3/ As post world war 2 Japan became an export powerhouse, Japanese industry acquired sophisticated technological capabilities. To this day, there are many critical industries (smart phone camera sensors would be one example) where Japanese companies rule the world.
4/ When Japan went from poverty to be a leading industrial power, they let export surpluses pile up.

Why is that a problem? Isn't too much of a good thing a better thing?

Such massive export surpluses have two issues, a) financial and b) real economy.

Financial first.
5/ Financially, export surpluses become "reserve assets" at the central bank, as exporters exhange their (primarily) dollar earnings for domestic currency.

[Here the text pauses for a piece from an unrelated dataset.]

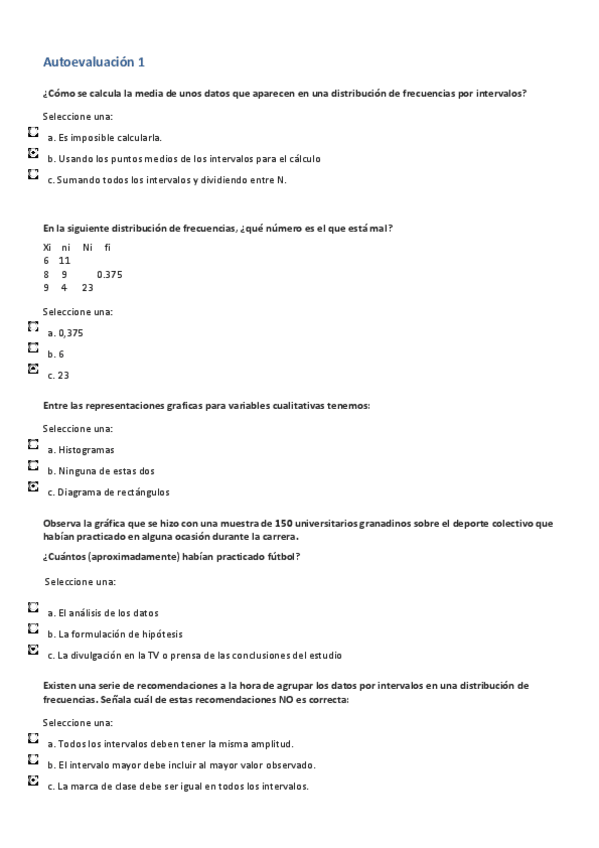 Miniatura del documento Autoevaluaciones.pdf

Such swelling reserves at the central bank, through the money (credit!) multiplier effect, create a domestic credit boom.
6/ The result is that Japanese domestic bank assets (and liabilities!) become swollen and they became the largest banks by assets in the world by 1990 (Chinese major banks occupy that role today, through the same mechanism).

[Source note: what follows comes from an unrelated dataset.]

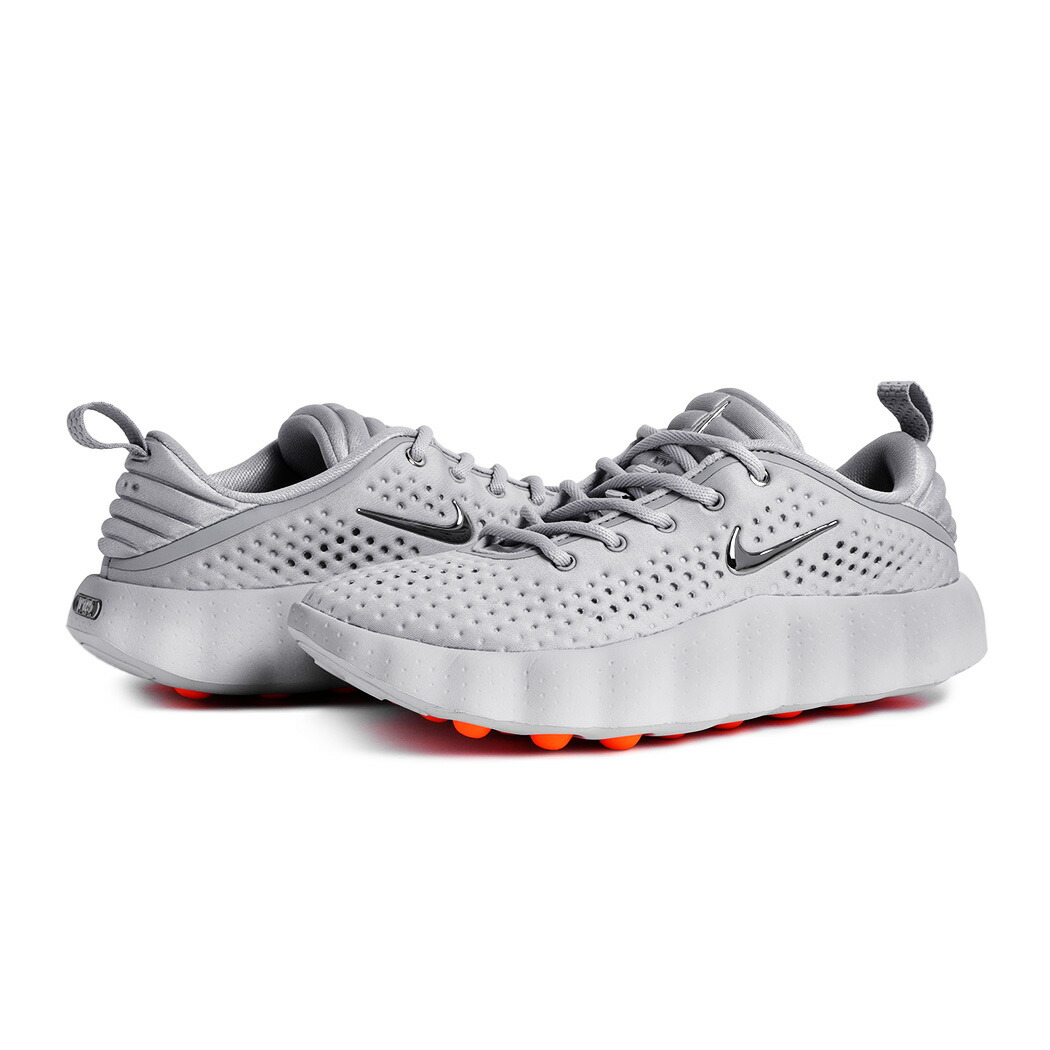 楽天市場】【最大5000円OFFクーポン配布中！！】NIKE ナイキ MIND 002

The massive credit boom distorts the domestic economy.
7/ The Japanese domestic credit boom (swollen reserves from export surpluses, multiplied 10x) resulted in a massive real estate bubble in the late 1980s, so big that it was said the Imperial Palace grounds in Tokyo was worth more than the entire land in the state of California!
8/ Japanese companies realized that real estate speculation and financial engineering (known as zaitech) were more profitable than their main line of business. That was the setting for the Japanese bust in the 1990s.

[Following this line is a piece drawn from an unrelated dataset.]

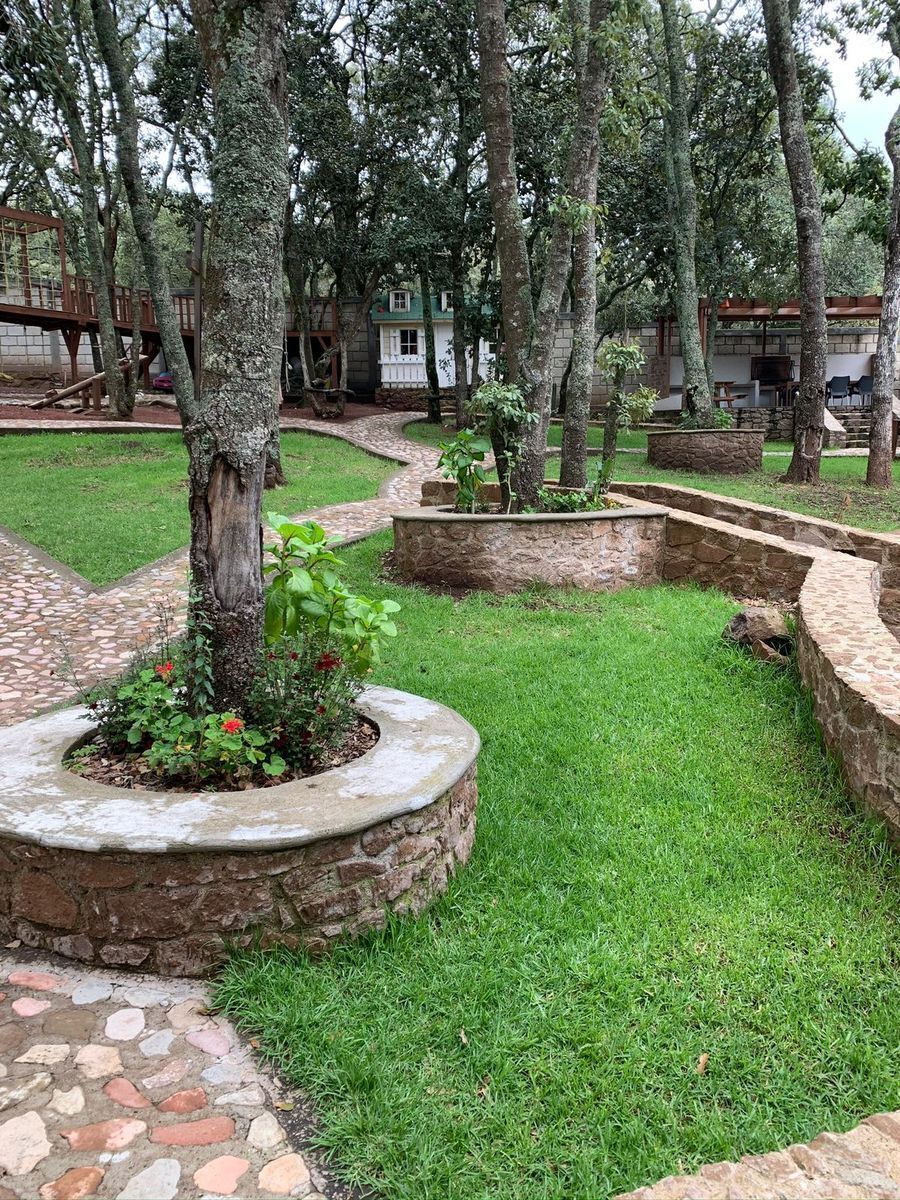 hermosa-cabaa-en-pueblo-mgico-amealco32-36181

Japan has still not recovered fully from that bust!
9/ Now the real economy effect of piling up export surpluses. Japan then (and broader East Asia now) developed what I call "over-employment" - my term for an obsessive focus on putting everyone to work.

The trouble is no one has any time for kids and that destroys demographics.
10/ Japanese invented the concept of "karoshi" (death due the overwork) and South Koreans work even harder. Recently Jack Ma of Alibaba exhorted the Chinese to work even harder, export more!

That leaves no time for kids. South Korea now has the lowest birthrate in the world.
11/ That's the real economic consequence of piling up export surpluses, leading to "over-employment" and overwork.

East Asia has worked hard to deliver fine products for the rest of the world, piling up paper claims on the rest of the world, with no kids to enjoy that wealth.
12/ Japan has a lot of old people that die alone, a tragedy. Those massive export surpluses aren't worth it.

That brings up the notion of balance, the foundation of spiritual economics.

India must produce more and export enough to balance trade, but no point being obsessive
13/ India must keep that balance - we want growth and material prosperity, but it cannot become an obsession where we overwork people and don't have a holistic enjoyment of life.

East Asia, I am afraid, has gone too far and works it's people too hard. India should not.
14/ In concrete terms, we must end the economists' obsession with labour force participation - all work doesn't have to be "GDP creating work" or worse "export surplus piling up work".

At a company level, I ended the culture of extreme work hours in our Japan office years ago.
15/ I am happy to say that after hearing my lectures on this culture of overwork (and alcohol!), many of our young Japanese employees chose to get married and have had children. It has been a happier company in Japan since and without such an emphasis on alcohol to be happy.